## Generate Topic Model
Create a topic model using the 20 news group dataset
Model will be used to split Dailymail dataset into separate topics

Baseline of Naive Bayes / SVM model found here: https://www.kaggle.com/jhoward/nb-svm-strong-linear-baseline
Linear SVM is mathematically equivalent to Logistic Regression

I tested first on multinomial NB, but found that without any fine-tuning or feature engineering, NB/SVM performed much better on the whole data

In [7]:
import re
import pandas as pd
import numpy as np

from sklearn.datasets import fetch_20newsgroups
from sklearn.feature_extraction.text import  CountVectorizer, TfidfVectorizer

import sys, os
sys.path.append(os.getcwd())
from NBSVM_TopicModel import model_20ng


In [2]:
# use sklearn to easily acquire data - remove extraneous information
def extract_20ng(print_sample = False):
    train = fetch_20newsgroups(subset='train', remove=('headers', 'footers', 'quotes'))
    test = fetch_20newsgroups(subset='test', remove=('headers', 'footers', 'quotes'))
    
    if print_sample:
        print("Print 20 Newsgroup sample \n")
        print(train.data[0], "\n", train.target_names[train.target[0]])
    
    return train, test

Generate labels dataframe for binary classification

In [3]:
def gen_y(data):
    df = []
    # for each target, create a row with file id and dummies for each of the labels
    for i in range(len(data.data)):
        row = [re.sub("^.*/", "", data.filenames[i])]
        labels = [0]*len(data.target_names) #20
        labels[data.target[i]] = 1
        row += labels
        df.append(row)
      
    cols = ['filename'] 
    cols += data.target_names
    
    return pd.DataFrame(df, columns = cols)

#df = gen_y(train)
#df.head()

Run our model pipeline 

In [8]:
clf20 = model_20ng()

# run model
def main(clf):
    train, test = extract_20ng(True)
    clf20.add_topics(train.target_names)
    
    # create TF-IDF vectorizer
    print("\n...Generating TF-IDF Matrices...")
    vec = TfidfVectorizer(ngram_range=(1,2), tokenizer=clf20.spacy_tokenizer,
               min_df=3, max_df=0.9, strip_accents='unicode', use_idf=1,
               smooth_idf=1, sublinear_tf=1 )
    train_vec = vec.fit_transform(train.data)
    test_vec = vec.transform(test.data)
    clf20.vec = vec # save vectorizer
    
    # generate label dataframes
    y_train = gen_y(train)
    y_test = gen_y(test)
    
    preds = np.zeros((len(test.data), len(y_test)-1))
    
    # run a binary model for each label
    print("\n...Fitting models...")
    for i, col in enumerate(y_train.iloc[:,1:]):
        print(col)
        model, r = clf20.get_mdl(train_vec, y_train[col])
        preds[:,i] = model.predict_proba(test_vec.multiply(r))[:,1]
        
        # add results
        clf20.add_result(r, model)
        
    # select max label from each of the binary models
    preds[:,-1], _ = clf20.select_max_labels(preds)
    
    print("\n...Evaluating model...")
    clf20.evaluate(test.target, preds[:,-1])
        
    return clf20, preds
    
clf20, preds = main(clf20)

Print 20 Newsgroup sample 

I was wondering if anyone out there could enlighten me on this car I saw
the other day.

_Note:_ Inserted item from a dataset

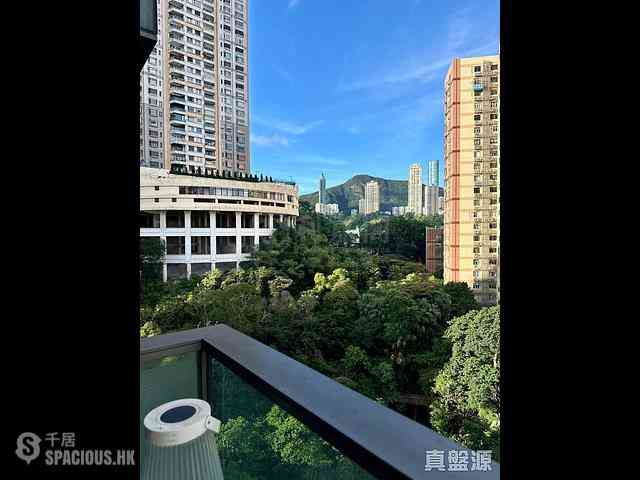 Causeway Bay - Jones Hive 01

It was a 2-door sports car, looked to be from the late 60s/
early 70s. It was called a Bricklin. The doors were really small. In addition,
the front bumper was separate from the rest of the body. This is 
all I know. If anyone can tellme a model name, engine specs, years
of production, where this car is made, history, or whatever info you
have on this funky looking car, please e-mail. 
 rec.autos

...Generating Bag of Word Matrices...

...Fitting models...
alt.atheism
comp.graphics
comp.os.ms-windows.misc
comp.sys.ibm.pc.hardware
comp.sys.mac.hardware
comp.windows.x
misc.forsale
rec.autos
rec.motorcycles
rec.sport.baseball
rec.sport.hockey
sci.crypt
sci.electronics
sci.med
sci.space
soc.religion.christian
talk.politics.guns
talk.politics.mideast
talk.politics.misc
talk.religion.misc

...Evaluating model...
Model Accuracy is....  71.18
              precision    recall  f1

Save model object

In [11]:
import pickle
import os
os.chdir("../..")
with open("./Models/20ng_topicModel", "wb") as f:
    pickle.dump(clf20, f)